Fig. 5 Enlarged segment of the FTIR spectra of sample 1–8. The spectra show the decrease of the vibration band at 1269 cm⁻¹ [δ(C–H[Si–CH₃])] caused by the decreasing concentration of MeSi(OMe)₃ and an increase of the vibration band at 1259 cm⁻¹ [δ(C–H[Si–CH₃])] caused by the increasing concentration of Me₂Si(OMe)₂ in the final product.

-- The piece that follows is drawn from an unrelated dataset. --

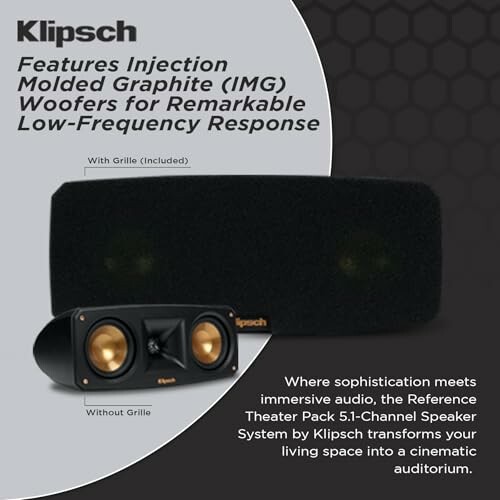 Klipsch speaker system with and without grille, highlighting features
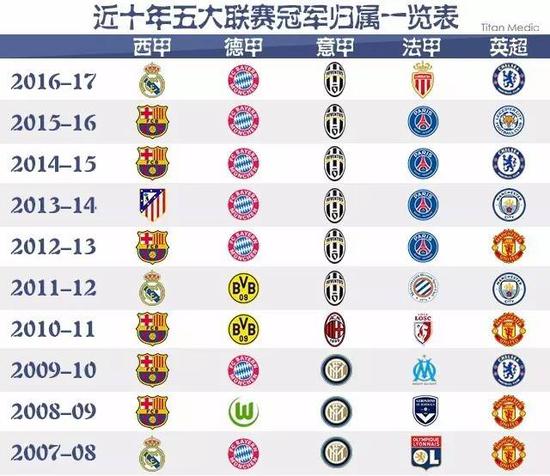 从保罗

FTIR spectroscopy of the unconsolidated gels

Directly after removing methanol and water at 110 °C for 1 h the freshly prepared gels were cooled to room temperature and characterised by FTIR spectroscopy. All samples show the expected vibration bands of phenylmethylpolysiloxane networks indicated by the very broad ν(Si–O) vibration bands at 1052, 1016, 806 cm⁻¹ and the vibration bands of the methyl and phenyl side groups at 1259, 1269 [δ(C–H[Si–CH₃])]; 1130 δ(Si–C)_AR, 726 cm⁻¹ [ρ(C–H[Si–(CH₃)₂])], and 694 cm⁻¹ [ν(Si–C)] (Fig. ESI29†).³⁵ All other vibration bands at 3380 ν(O–H), 2840 [ν(C–H[O–CH₃])], and 846 [δ(Si–O–CH₃)] are caused by the pendant and terminal methoxy groups as well as unreacted monomers, methanol, or water (Fig. 6). The vibration δ(C–H[Si–CH₃]) bands at 1259 and 1269 cm⁻¹ prove the stepwise substitution of methyltrimethoxysilane [MeSi(OMe)₃] by dimethyldimethoxysilane [Me₂Si(OMe)₂] from sample 1 to 8. The vibration band at 1259 cm⁻¹ is caused by the CH₃ groups of the MeSi(OR)₃ (R = Si, Me, H) units. The vibration band at 1269 cm⁻¹ belongs to the CH₃ groups of the Me₂Si(OR)₂ (R = Si, Me, H) units (Fig. 5). As a result of the substitution the intensity of the band at 1269 cm⁻¹ decreases while the intensity of the band at 1259 cm⁻¹ increases.

Fig. 6 Averaged absolute value of viscosity of sample 1–8 measured isotherm at 23 and 110 °C for 10 min. The increase of DAS leads to a decrease of viscosity, due to less cross-linked and more linear structure motives.

HCl was used as a catalyst in the hydrolysis and condensation reactions for the preparation of the precursor polysiloxanes. Residues of HCl can be harmful for materials in optoelectronic devices. Therefore, we investigated the presence of HCl after the synthesis of the precursor polymers and were not able to detect any HCl after the heating step in the polysiloxane synthesis by TG-FTIR experiments.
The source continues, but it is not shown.